Current proposals have been under construction for well over a year. The council addressed the matter at a meeting on May 5, but asked for further work from the administration of Mayor Erin Mendenhall to better determine how to handle contracts with e-scooter vendors.
Opinions of the scooters have varied. Some residents have made complaints about the misuse of scooters. The city received a number of emails from pedestrians who experienced encounters with e-scooter riders. Most worried about their safety as pedestrians and discussed the potential for accidents. According to Council Chairman Chris Wharton, e-scooters are the number one complaint he hears from his constituents in District 3. During discussions, Wharton expressed the need for slower speeds, strict enforcement on sidewalks, and collecting fees that recoup any losses to Salt Lake City.
For those who have ridden the vehicles, however, they’ve expressed a high level of enthusiasm and believe they are a great solution to solving first-mile/last-mile transit connections.
To solve some of the issues residents have with e-scooters and to reduce the accident risk, the city is considering establishing a competitive bidding process. While there are five electric scooter vendors in the city now, the bidding process could reduce that number to one or two.
Currently, vendors only need to secure a business license and sign a temporary operating agreement that details things like maximum allowable vehicles and where they can be deployed. The ordinance proposal, however, includes additional fees. If adopted, e-scooter businesses in the city could see annual charges that range from $130,000 to $176,000 per 1,000 vehicles.
In addition to addressing the issue of e-scooter vendors, the city is also uncertain as how to enforce any new rules they enact. While city parking enforcement could be utilized to start citing illegal scooter riding, there are also discussions that it would be better to have third-party vendors assume responsibilities for policing and impounding improperly parked vehicles.

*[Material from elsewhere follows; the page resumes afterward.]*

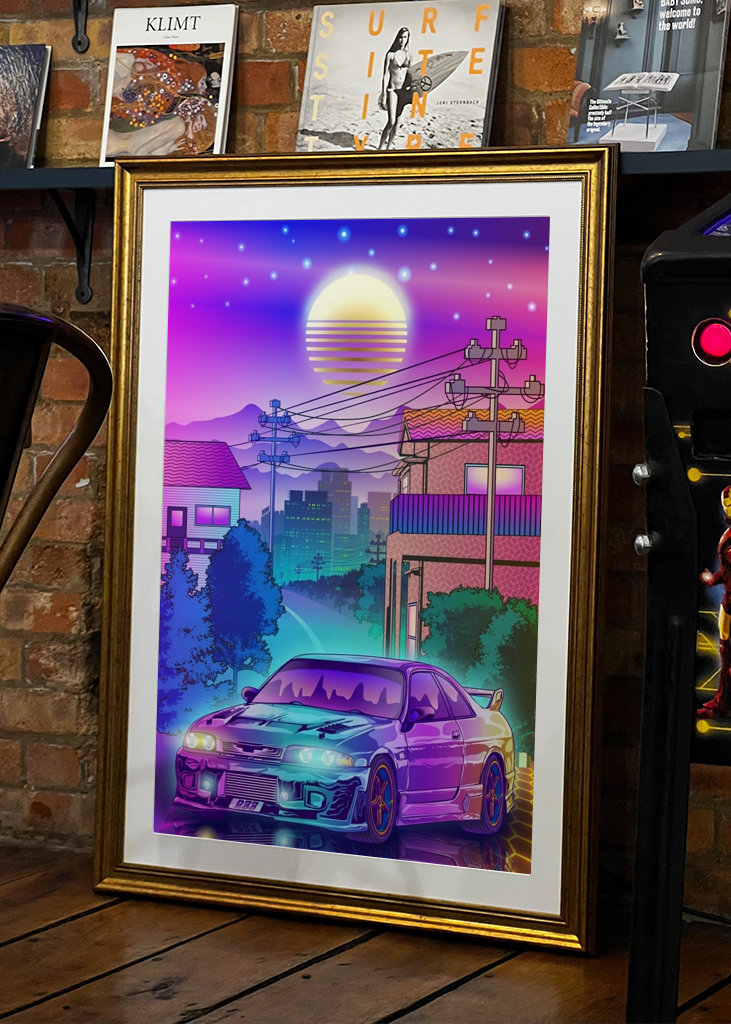Skyline Gtr R33 Synthwave city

As Salt Lake City continues to work toward developing e-scooter policies and laws, it’s important for residents to understand that they have rights in the event they are injured because of negligence. If you’ve been hurt in an e-scooter crash and are looking to recover compensation for your losses, we can help.
The Rideshare Law Group understands how confusing legal matters can be when a lack of concrete laws fails to establish what happens when someone gets hurt. Contact us today for more information about pursuing a personal injury claim.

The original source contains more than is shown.